UN peacekeeping force in Western Sahara must monitor human rights

The UN Security Council must expand the mandate of its peacekeeping force in Western Sahara to include sustained human rights monitoring, said Amnesty International, amid clampdowns on peaceful protests and reports of activists tortured in custody during the past year.
In a report to the Security Council yesterday UN Secretary General Ban Ki-moon called for independent, impartial and sustained human rights monitoring in the territory and Sahrawi refugee camps in southern Algeria.
“Extending the peacekeeping force’s mandate to include human rights would shed much-needed light on violations and abuses that would otherwise go unreported and provide an independent and impartial account on disputed allegations of human rights violations,” said Salil Shetty, Amnesty International’s Secretary General, in New York.
“In the absence of an independent, impartial, comprehensive and sustained human rights monitoring, parties are allowed to trade accusations of rights abuses which fuel the tension as violations go unaddressed.
“A continued clampdown has left human rights defenders powerless to effectively document rampant violations in Western Sahara. Maintaining a peacekeeping force with a limited mandate is no longer an option.”
The UN Security Council is due to extend the mandate of the UN Mission for the Referendum in Western Sahara (MINURSO) at the end of April 2014. It is the only modern UN peacekeeping operation without a human rights component.
In the year since the mandate was last renewed, the Moroccan authorities have continued to stifle dissent, placing restrictions on freedom of expression, peaceful protests and civil society. Peaceful demonstrations are routinely banned or violently dispersed. Amnesty International has documented cases of activists and protesters being tortured and otherwise ill-treated in police custody following demonstrations calling for MINURSO to adopt a human rights mandate in 2014.
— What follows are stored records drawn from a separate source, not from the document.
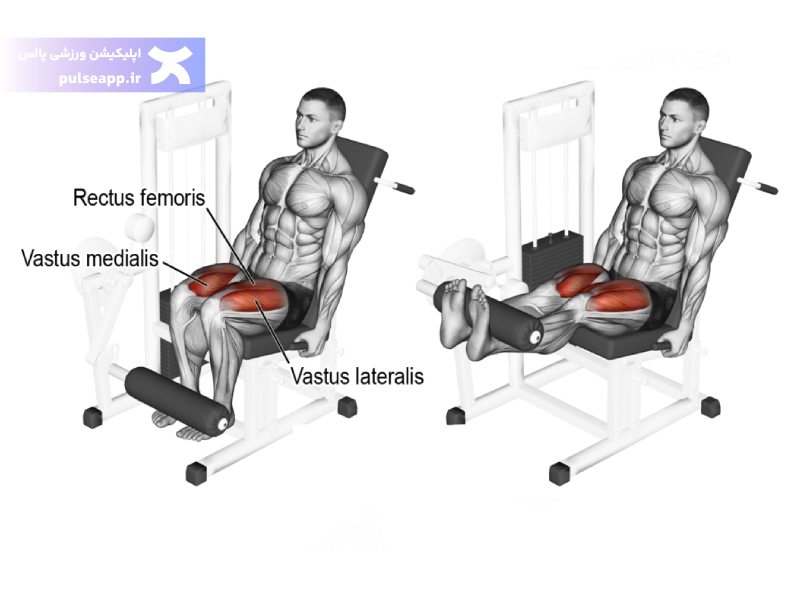 جلو پا دستگاه بانوان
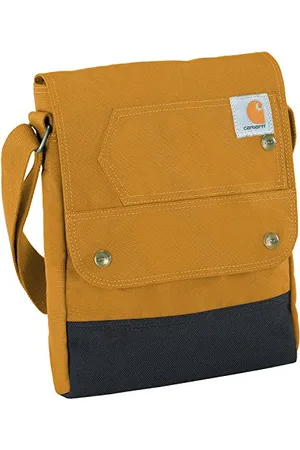 Carhartt Crossbody Tasche, Borsa a Tracolla per Bagagli Donna, Brown, OFA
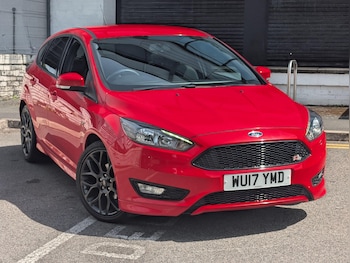 Used Ford Focus 2017 for sale - 79401259: Photo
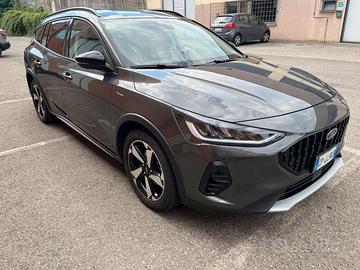 FORD FOCUS 1.5d 115cv STATION WAGON-Automatico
Human rights defenders and activists in Western Sahara also face numerous restrictions on their work, including harassment and relentless surveillance by security forces, while authorities continue to obstruct the registration of local human rights associations.
“If Morocco wishes to prove it is serious about respecting its international obligations, it must end the harassment or intimidation of activists and stop blocking independent human rights monitoring by both local groups and the UN,” said Salil Shetty.
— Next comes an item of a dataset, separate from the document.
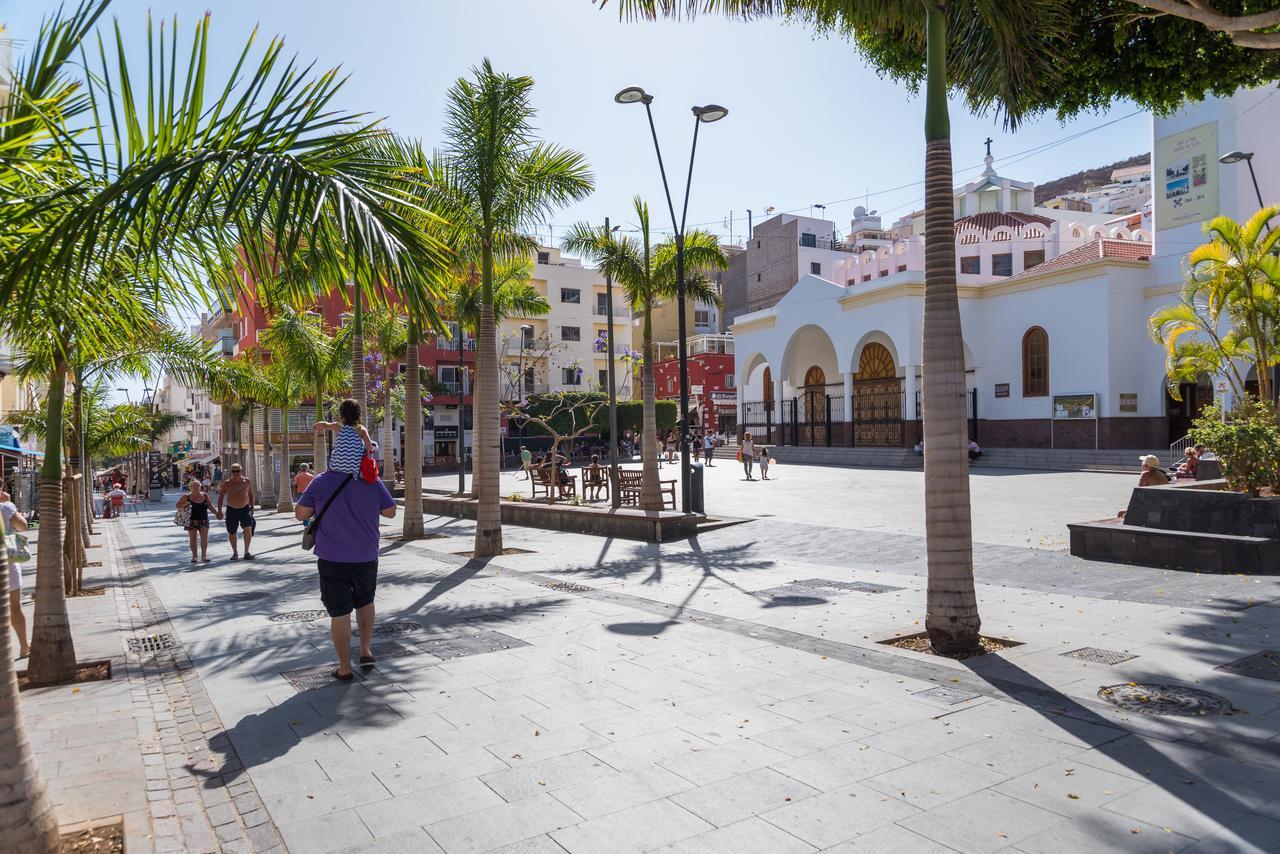 Modern Apartments Los Cristianos Center المظهر الخارجي الصورة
Given the political sensitivities surrounding the unresolved dispute over the territory annexed by Morocco in 1975, impartial and sustained monitoring by MINURSO could be crucial. On 8 November 2010, violence erupted as Moroccan security forces forcibly dismantled of a peaceful protest camp in Gdim Izik, near Laayoune, leaving 11 members of the Moroccan security forces and two Sahrawis dead. Moroccan authorities failed to independently and impartially investigate the events. Twenty-five Sahrawi civilians were later convicted by a military court for their alleged role in the violence and given heavy prison terms, including nine life sentences. The prisoners also spent two years in pre-trial detention during which they reported being tortured and otherwise ill-treated, before being unfairly convicted on the basis of forced “confessions”.
An expanded MINURSO mandate could also help ensure an independent investigation is carried out into the deaths of 11 Sahrawis forcibly disappeared in 1976. Their remains were discovered and exhumed last year by an independent forensic team whose findings suggest the 11 were extrajudicially executed by Moroccan armed forces at the time. “MINURSO could play a valuable role in preserving forensic evidence and paving the way for independent and impartial investigations into incidents such as enforced disappearances,” said Salil Shetty. The Polisario Front, for its part, has also failed to take steps to end impunity for those accused of committing human rights abuses in the 1970s and 1980s in the camps under its control, where no independent human rights organizations currently operate. Establishing an independent and impartial human rights monitoring body could also contribute to helping the Polisario Front and the Moroccan authorities overcome their mutual mistrust fuelled by allegations of human rights abuses and help build an environment conducive to fruitful political negotiations.
Background:
The United Nations Mission for the Referendum in Western Sahara (MINURSO) was established in 1991 in the territory annexed by Morocco in 1975 as well as Sahrawi refugee camps in Tindouf in south-western Algeria. Its mandate has been to monitor a ceasefire between the Moroccan armed forces and the Polisario Front, as well as to implement a referendum to determine Western Sahara’s final status.